### WHAT TO PRODUCE
In the data below, reproduce everything exactly except the images.

### COLLECTED DATA
· · · ·

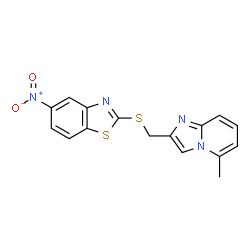 ChemSpider 2D Image | 2-(5-Methyl-imidazo[1,2-a]pyridin-2-ylmethylsulfanyl)-5-nitro-benzothiazole | C16H12N4O2S2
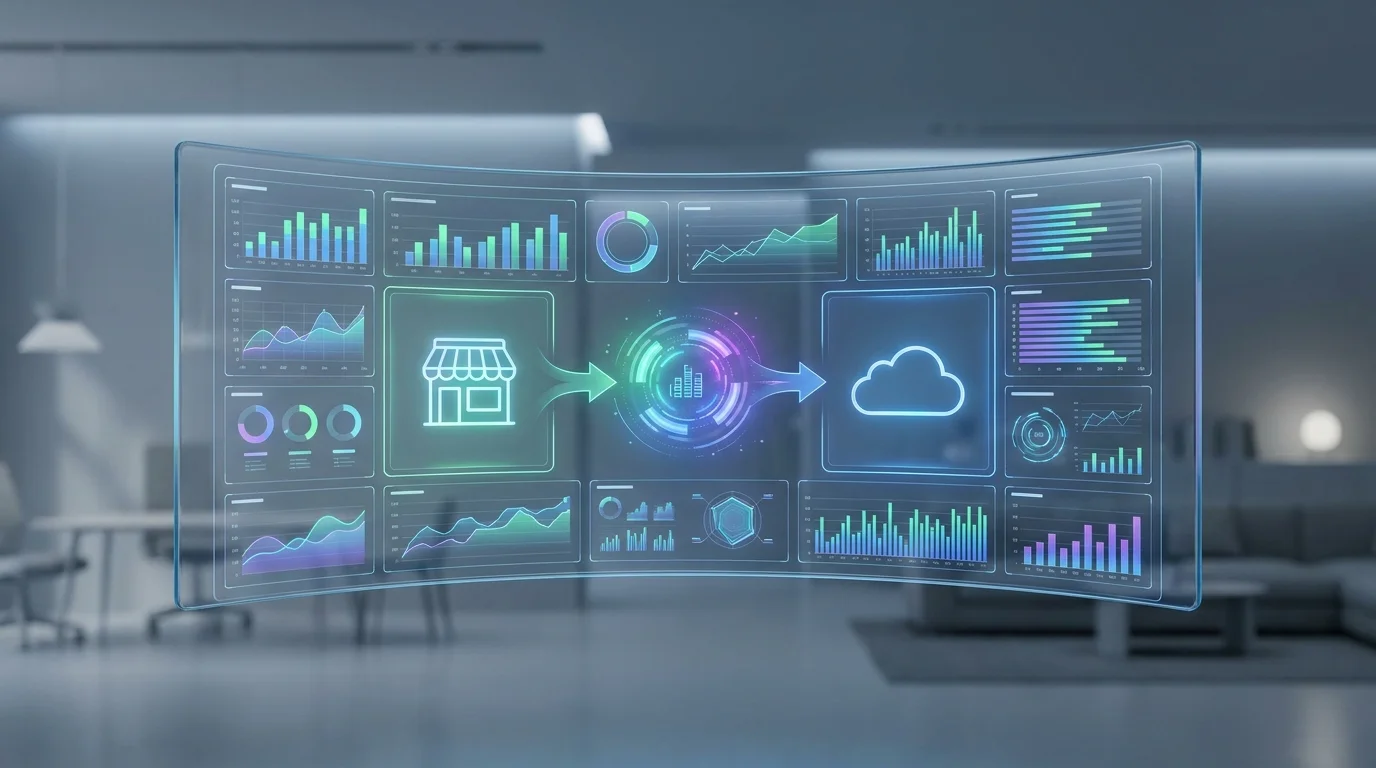 A high-tech dashboard displaying integrated data from physical store sales and online e-commerce transactions, illustrating the concept of unified commerce and data-driven retail management.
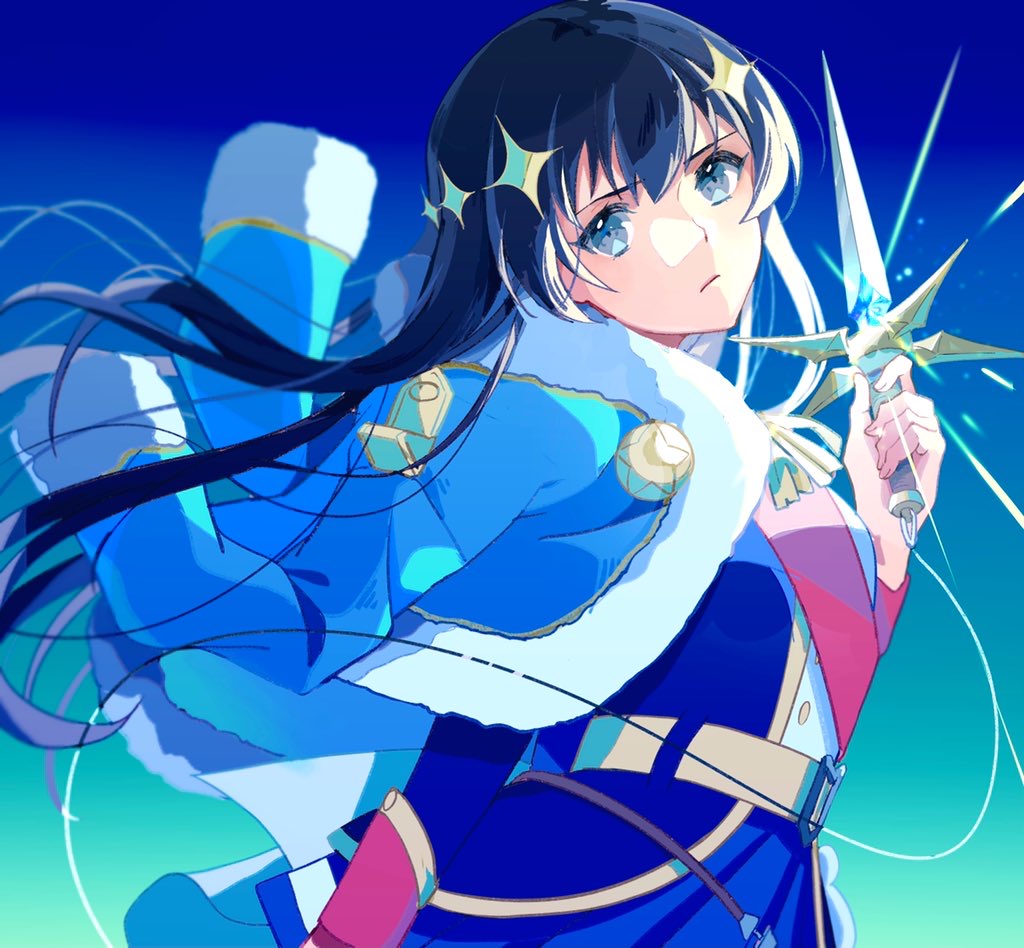 1girl, aqua_background, bangs, belt, blue_background, blue_eyes, blue_hair, blue_jacket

· · · ·

### SOLUTION TO THIS TASK
 ChemSpider 2D Image | 2-(5-Methyl-imidazo[1,2-a]pyridin-2-ylmethylsulfanyl)-5-nitro-benzothiazole | C16H12N4O2S2
 A high-tech dashboard displaying integrated data from physical store sales and online e-commerce transactions, illustrating the concept of unified commerce and data-driven retail management.
 1girl, aqua_background, bangs, belt, blue_background, blue_eyes, blue_hair, blue_jacket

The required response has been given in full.